Kátia é a primeira transexual eleita a um cargo político no Brasil, país que lidera o ranking de assassinatos de transexuais. A bela trajetória política da piauiense que enfrentou preconceitos até se tornar respeitada na comunidade.

Crítica

Tapety é um dos sobrenomes mais respeitados do Piauí, de uma das mais tradicionais famílias ligadas à política naquele estado. E é também o complemento do nome de Kátia, figura central desse interessante documentário dirigido por Karla Holanda, aqui no seu primeiro longa-metragem. Após uma interessante carreira como curta-metragista – ela assinou cerca de 10 trabalhos neste formato desde sua estreia como realizadora, em 1992 – Holanda escolheu essa figura pública para acompanhar durante 20 dias e, assim, fazer um registro que reflita com a maior amplitude possível esta personagem. Kátia Tapety ganha esse olhar também por estar ligada à política, mas vai além disso: travesti, foi a primeira do Brasil a ser eleita a um cargo público (no início como vereadora, depois como vice-prefeita). E essa personalidade única mais do que justifica a atenção aqui despertada.
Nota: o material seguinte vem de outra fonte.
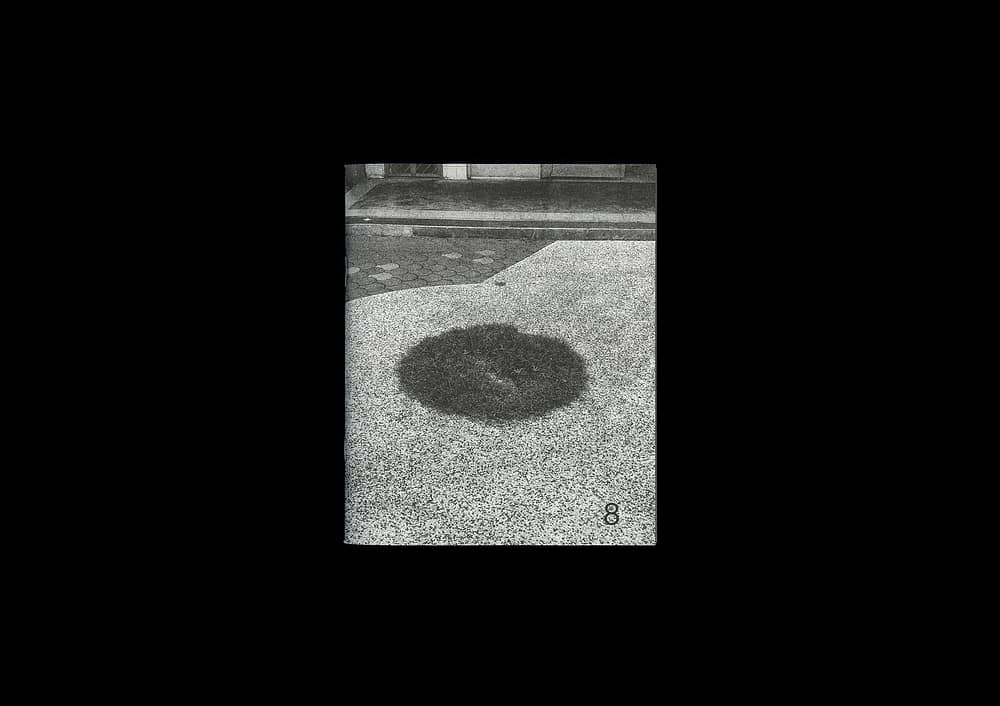 Forming Cityscapes #8: Plants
Kátia, o filme, começa com uma frase forte: “meu pai sempre foi muito direto ao dizer que todo homossexual devia mesmo era morrer”. Quem diz isso é Kátia Tapety, mas a declaração não vem seguida de angústia ou tristeza. É mais uma lembrança, uma recordação de algo que já passou e que lhe ajudou a construir a força e a determinação que hoje apresenta. Kátia nasceu como José, numa pequena cidade de apenas 8 mil habitantes no sertão do Piauí. Desde pequeno José sabia que, no seu íntimo, era Kátia. O pai o tirou ainda criança da escola para não causar vergonha à família. Os outros meninos o chamavam de “mulherzinha”, e ele nunca ficou chateado com isso, porque afinal era o que queria ser. Terminou seus estudos em casa, depois foi enviado para uma cidade menor ainda – Colônia do Piauí – para ficar afastado. Lá José virou Kátia. E nunca se arrependeu. Hoje é uma mulher esclarecida, que luta por seus direitos e briga por uma cidade melhor com o mesmo afinco que corta o capim para alimentar as vacas que cria ou que alimenta o cabrito recém nascido. Como ela mesmo diz “sou pau pra toda obra, sou mulher, sou macho, sou tudo”.
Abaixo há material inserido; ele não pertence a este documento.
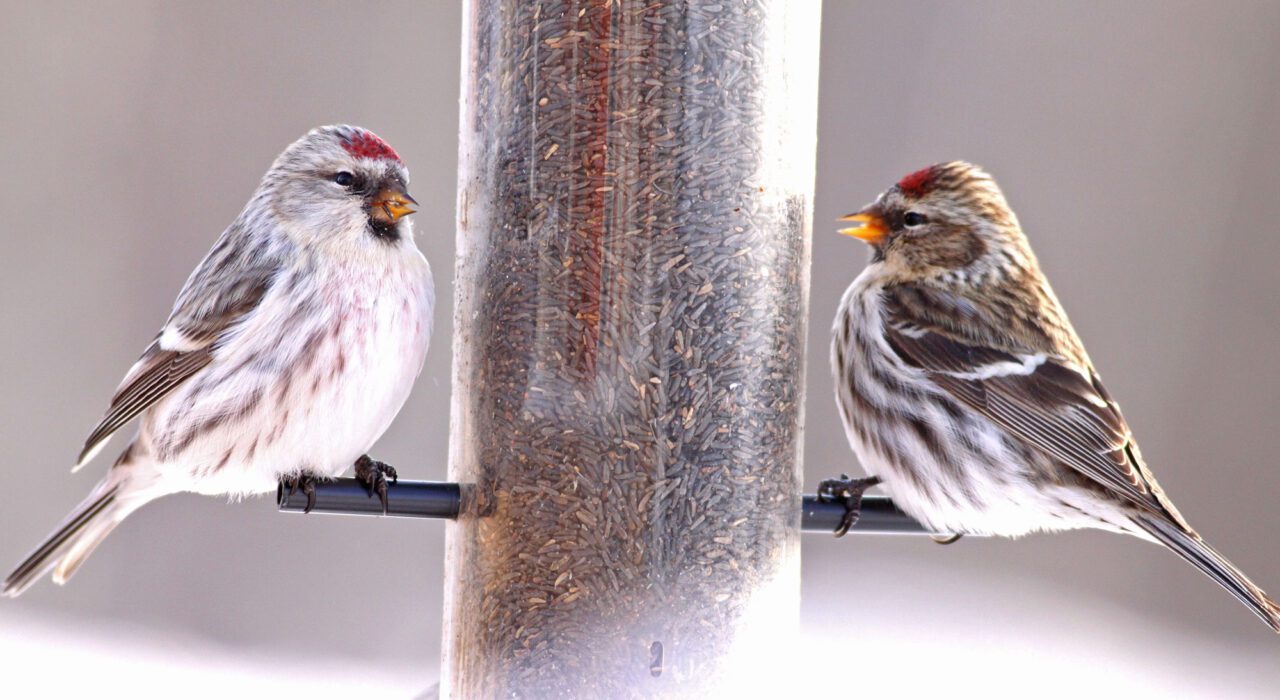 Two similar-looking streaky brown and white birds with red spots on head, at a feeder.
Por três vezes seguidas Kátia Tapety foi eleita como a vereadora mais votada da cidade de Oeiras, além de ter exercido o cargo de vice-prefeita entre 2004 e 2008. Foi casada com um homem por mais de 20 anos e é mãe de três crianças adotadas. Com quase 60 anos, impõe respeito e admiração por onde passa. É, enfim, uma figura querida e estimada por todos. O documentário Kátia é bastante feliz em produzir esse registro, porém sem se ater a muitos detalhes. Não se trata de uma obra didática, e sim muito mais emocional. Durante o período em que as câmeras acompanharam a retratada ouvimos basicamente a sua voz, com alguns poucos acréscimos – o único irmão que sempre a apoiou, alguns vizinhos e amigos. Mas a força está mesmo em Kátia, e Holanda sabe disso. Sem muitas distrações, vai direto ao ponto, e nesse processo conquista o espectador. Por outro lado, há muito pouco sobre as batalhas que essa mulher enfrentou, sobre o preconceito e as dificuldades com que precisou lidar, e principalmente sobre como um rapaz negro, de família humilde e morador do interior conseguiu se transformar nessa senhora alegre e colorida, com todas as conquistas que foi somando pelo caminho.
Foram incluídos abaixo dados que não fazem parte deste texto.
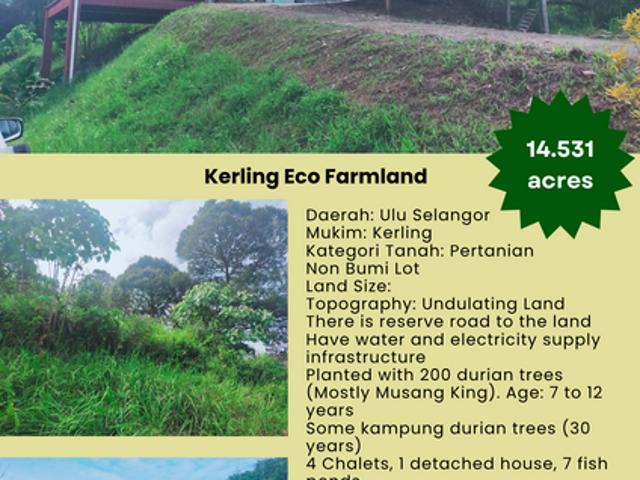 Kerling Industrial Land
Karla Holanda, quando soube da existência de Kátia Tapety, ficou impactada com essa história de ruptura dos modelos convencionais. Foram mais de 30 horas de filmagens armazenadas, cerca de um ano de edição, até chegar ao produto final que se tem hoje, com pouco mais de 70 minutos de duração. Kátia serve como ilustração de um relato de vida cativante. No entanto, poderia ter sido mais. O filme chega a mostrar comentários sobre a “opção” de José em ser Kátia, como se isso fosse uma mera questão de escolha, ainda mais num cenário tão inóspito quanto o retratado. Há a ida de Kátia até o Rio de Janeiro, para participar de um congresso LGBT, mas o que resulta desse encontro não tomamos conhecimento. Estes são apenas dois exemplos de temas que poderiam ter sido melhor explorados, tendo na retratada uma porta-voz mais do que competente para isso. Infelizmente, isso não acontece. Mas ainda assim temos uma lição de vida, daquelas que nos mostram que, por mais diferentes que possamos ser uns dos outros, ainda assim somos todos muito próximos.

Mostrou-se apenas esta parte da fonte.